Terrible, Just Terrible
Oy... what is wrong with our media?
This Newsweek piece on Sen. Lindsey Graham's (R-SC) secret plan to privatize Social Security is
horrible. First, there's this passage, on the merits of wage-indexing:
When the Social Security Administration figures out a new retiree’s initial benefit, it uses a formula based on the real (inflation-adjusted) growth in wages during that worker’s career. First implemented in 1977, this is called wage-indexing and it means that the benefits Social Security has promised to future retirees will be higher in real terms than those paid to today’s retirees — that is, they would be higher if the system could pay full benefits, which as of 2042, it won’t be able to, according to the Social Security Trustees.

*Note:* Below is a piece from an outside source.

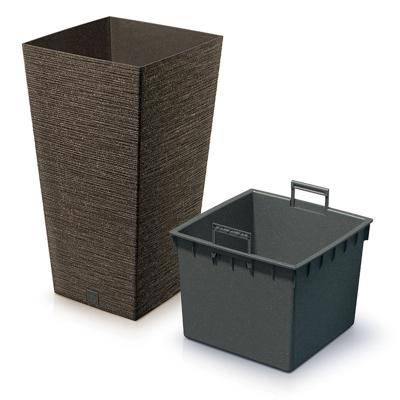 Prosperplast Plantenpot - buiten - kunststof - koffie bruin - Eco wood look - D24xH45 cm - bloempot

Who vetted that last sentence? No. Just... no. Even if nothing is done to fix the system, nothing at all, the program can
still afford to pay out benefits that are higher in real terms than they are today, in 2042 and in 2052 and in 2062 and... Price-indexing wouldn't just give us benefits smaller than what's "promised". It would give us all smaller benefits than what's
payable. What was
Newsweek thinking here? In fairness, the SSA Trustees' Report doesn't list payable benefits anywhere, but the Congressional Budget Office
does, and people like Dean Baker have done the relevant
calculations. on this. These numbers aren't unknowable.
Anyway, enough huffing and puffing. On to Lindsey Graham. Graham thinks he can pay for his privatization plan by lifting the cap on payroll taxes.
Newsweek takes his word for it. But what he's saying is false,
according to Furman/Greenstein. The Graham Plan is one of the more sensible privatization schemes out there, but it would still reduce total benefits for everyone, increase deficits through at least 2050, and would require trillions in General Fund transfers to Social Security, worsening the budget deficit. As the CBPP analysis has it, raising the cap on payroll taxes wouldn't "avoid the need for extensive borrowing" here. (And Graham isn't proposing to lift the cap completely, so he'd end up raising even
less than the already too-meager amount assumed by the Furman/Greenstein paper.) Plus,
Newsweek notes that Alan Greenspan suggested that Graham modify his plan by giving low-income people more in guaranteed benefits. A noble goal, to be sure, but it's going to make the plan more costly. Yum, more borrowing.
At any rate, this stuff is all very complex but the point is that there are people out there actually working through all the complexity.
Newsweek's reporters ought to know about this, rather than just nodding dumbly when Graham smiles and tells them he "hasn't worked out exact numbers yet."